The son of Pastor Fred Phelps, the man who founded the adamantly homophobic Westboro Baptist Church in Kansas which claims that God hates the United States for supporting gay rights, has broken his silence and begun to publicly speak about his relationship with his estranged father.
Father of four and self-confessed atheist Nate Phelps, 51, lives in Calgary and is engaged to be married to his second wife. Speaking to Canadian Newspaper, Globe and Mail, he said, “I don’t accept the argument that growing up in a twisted environment is what led me to atheism . . . I accept the argument that growing up in a hyper-focus-on-God environment led me to search for answers. There’s no doubt about that. And I do accept that there’s damage there . . . I just don’t see any evidence for a God. But I see plenty of evidence for good and evil in humans.”

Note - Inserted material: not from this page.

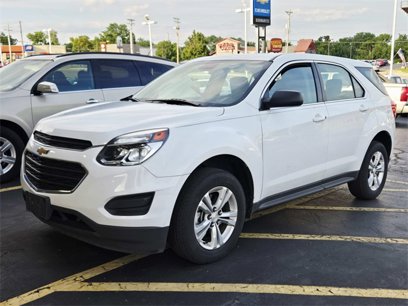 Used 2017 Chevrolet Equinox LS
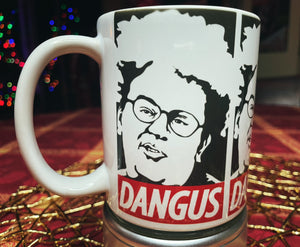 NEW “Face The Dangus” 11OZ Mug! Only 15 AVAILABLE!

Mr Phelps acknowledged in the interview that he felt a need for atonement and to work out his feelings about his upbringing, which his plans to put into a book.
Lately, he has been speaking on the subject of his family and the religion he was raised with at both secularist and gay conventions. He spoke at the Toronto Centre for Inquiry, a non-profit organisation for the promotion of critical thinking, and a month ago, returned to Topeka to speak at a gay rally, a move that “put him at the centre of his father’s hate campaign”. Mr Phelps was well received at the rally but confessed he found the experience “terrifying”.
Mr Phelps said he no longer felt any love for his father, but was conflicted about his mother, who he saw as a “victim” like the other members of his family. Shirley Phelps-Roper, Mr Phelps’s sister, admits that their father beat them as children, but denies he ever physically attacked their mother.
On the subject of homosexuality, Mr Phelps said he understands that [gay people] don’t choose their sexuality, but the religious prejudice that his father “hard-wired” into his brain sometimes makes him doubt his thoughts. He conceded, however, that it wasn’t “an intellectual thing. It’s an emotional thing. It’s what was hard-wired into my brain. And it whispers, ‘What if I’m wrong?’”
Mr Phelps also said he stuggled with suicidal thoughts and depression, but lives in hope. He is one of 16 of Fred Phelps’s children, two of whom changed their names and turned their back on the family for good.